• [WORK TO COMPLETE]: What should be copied is the stretch of entries below from the line with "Sleeveless Leotard Sewing" up to and including the line with "POWERLIX Knee Compression", exactly and without images.

• [DATA PROVIDED]:
■ ■ ■ ■
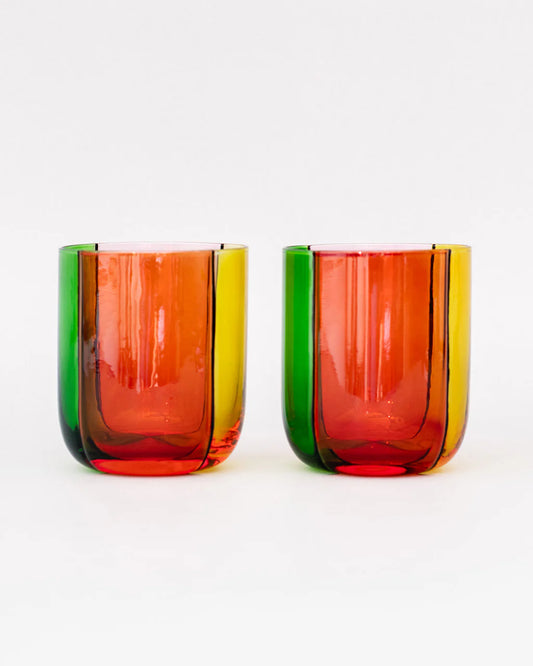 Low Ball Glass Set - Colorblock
■ ■ ■ ■
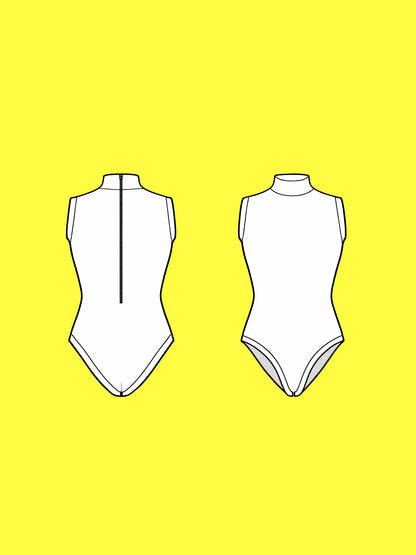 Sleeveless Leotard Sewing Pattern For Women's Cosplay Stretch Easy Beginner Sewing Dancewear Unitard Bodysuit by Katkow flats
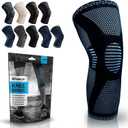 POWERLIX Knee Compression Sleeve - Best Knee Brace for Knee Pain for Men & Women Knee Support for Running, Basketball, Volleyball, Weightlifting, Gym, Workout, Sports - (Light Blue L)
■ ■ ■ ■
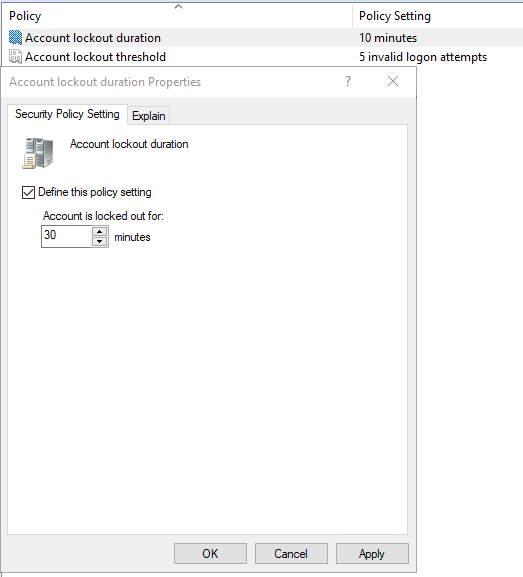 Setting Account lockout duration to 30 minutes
■ ■ ■ ■
• [RESPONSE BELOW]:
 Sleeveless Leotard Sewing Pattern For Women's Cosplay Stretch Easy Beginner Sewing Dancewear Unitard Bodysuit by Katkow flats
 POWERLIX Knee Compression Sleeve - Best Knee Brace for Knee Pain for Men & Women Knee Support for Running, Basketball, Volleyball, Weightlifting, Gym, Workout, Sports - (Light Blue L)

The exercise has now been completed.